By Dave Andrusko
Two days ago we posted a story—“NPR says a few kind words about CPCs before lowering the hammer”—based on a report by NPR’s Jennifer Ludden. To her credit, before Ludden eviscerated crisis pregnancy centers, she did offer a true-to-life story where a young woman was treated with great kindness, delivered her baby, and, with the help of the CPC, placed her baby for adoption.
However in her story posted the next day—“States Aim To Restrict Medically Induced Abortions”—with the exception of a throwaway quote from the president of Ohio RTL, Ludden didn’t bother with even the semblance of balance.
There are two dimensions of legislative attempts to ensure that women who undergo chemical (RU-486) abortions receive the best possible care. Ludden’s piece hammers them both.
In Ohio, Planned Parenthood was in court from 2004 until 2012, battling a law which required that the two-drug RU-486 abortion technique be administered consistent with the protocol established by the FDA. In 2012. the 6th Circuit Court of Appeals upheld Ohio’s law. (Other courts have come to different conclusions.)
That protocol involves, among other things, the number of pills of each drug that are used, how they are administered, and how far into pregnancy they can be used (seven weeks).
For all their talk about women, Planned Parenthood and other abortion clinics changed the doses, winding up administering more of the (much) cheaper drug than the more expensive drug. This greatly increased their profit margin.
And Ludden uncritically accepts assurances that it is just as safe for women to undergo chemical abortions in the ninth week as the seventh week. The suggestion in Ludden’s story is that tinkering with the protocol began after FDA approval in 2000. In fact, pro-abortionists tried to win some of those changes ahead of time but the FDA rejected them. They then simply began making changes on their own.
The other dimension is requiring that abortionists be in the same room as the pregnant woman and, in some instances, perform a physical exam. While this is good medicine, this also cuts into Planned Parenthood’s profits. Why? …
Because so-called web-cam (or telemed) abortions are premised on the abortionist being able to perform many, many more abortions than he could if he had to be at the same locale as the woman. How? …
Via videoconferencing where the abortionist can be hundreds of miles away. He goes through a perfunctory check-list and then by remote control opens a drawer which contains the two abortifacient drugs.
The key player here is Planned Parenthood of the Heartland. PPH is a giant affiliate, whose home base is Iowa. It has performed upwards of 7,000 webcam abortions since 2008. This is an unmitigated good to Ludden because, we read, Iowa’s telemedicine program “has not increased the overall number of abortions in Ohio, but a study found it has shifted more of them to the first trimester of pregnancy.”
While it is true that there were more first-trimester abortions, as NRLC’s Dr. Randall K. O’Bannon has explained, the way the study has been touted is very, very misleading on any number of grounds.
First of all, because the baby is smaller, first-trimester surgical abortions are safer than second or third trimester abortions. But it doesn’t necessarily follow that first-trimester chemical abortions would be safer than surgical abortions performed later: surgical abortions and chemical abortions have their own individual risks, according to Dr. O’Bannon.
And why didn’t the number of abortions go down in Iowa at the same time the numbers were going down all over the country? Because the greater use of chemical abortions allowed PPH to offset what would otherwise have been a decline
And, of course, the whole point of webcam abortions is to bring abortion to “underserved” rural areas. The deeper PPH invests in webcam abortions, the more abortions will take place in rural areas, the larger the overall number.
And the point to keep in mind is that to the Abortion Industry there are never enough abortions; someone, somewhere is always “underserved.”

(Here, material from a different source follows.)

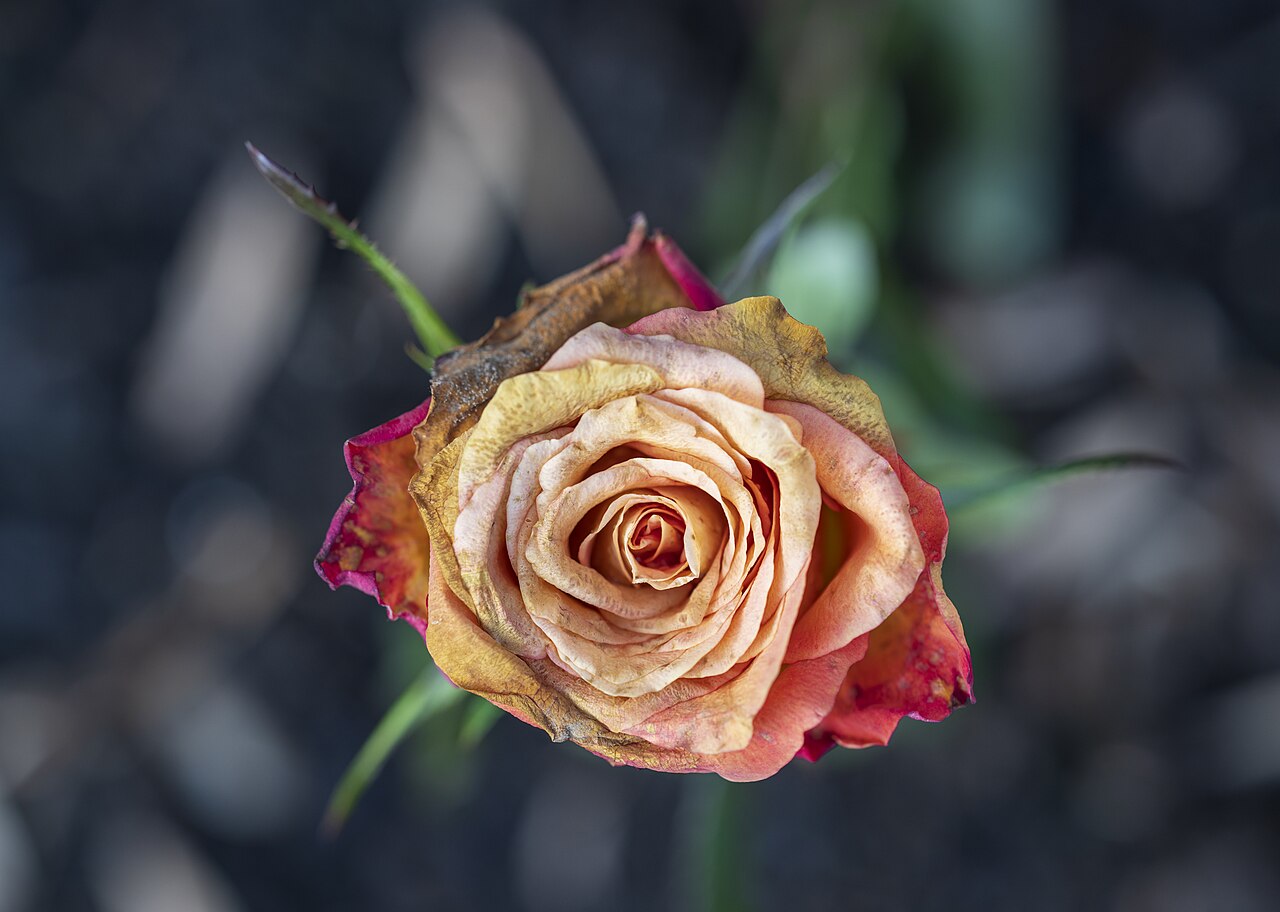 Frozen rose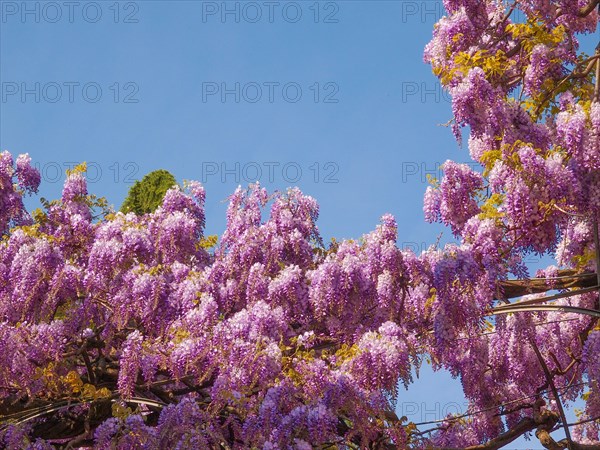 Pink Wisteria flowers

The last and very important point from Ludden’s story. There have been thousands of “adverse events” for women who have undergone RU-486 abortions and at least 14 deaths in the US and five overseas. Supporters are completely undaunted. Not a single syllable about that, of course, in Ludden’s story.

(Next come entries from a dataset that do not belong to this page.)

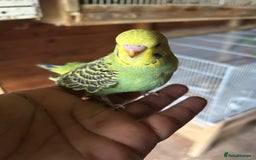 Budgerigars birds for sale: Baby budgies  in Nelson - Image 3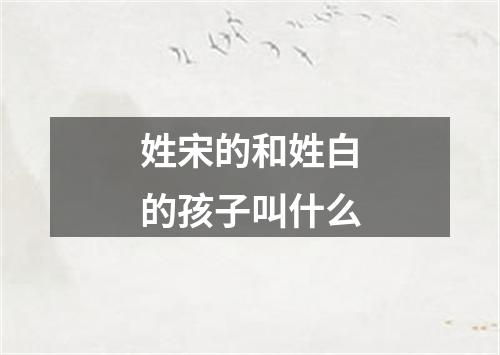 姓宋的和姓白的孩子叫什么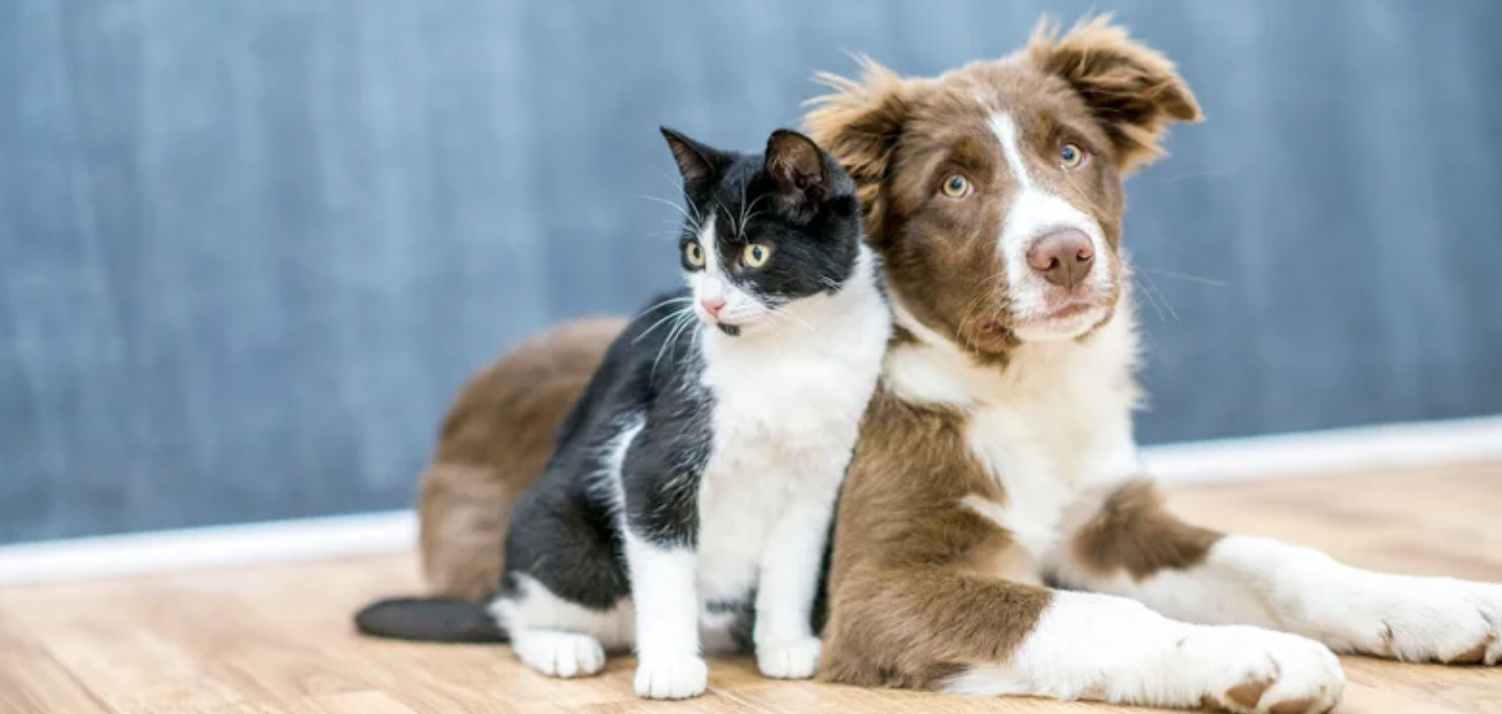 What's your favorite?: cats or dogs?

But one might ask how many of these from “modifications” and “innovations” the abortion industry considered “safe enough” for women?
The story ends with a quote from the vice president of an organization whose institutional mission it is to spread abortion worldwide. Dan Grossman is almost giddy at the prospect of do-it-yourself, oh-so-safe chemical abortions:
“It would really be quite easy for women to actually use this on their own,” Grossman says, “and potentially access this medication directly from a pharmacy. It could almost be eligible for the kind of medication that could be available over the counter.”
Maybe Ludden might have looked a little harder for a second opinion.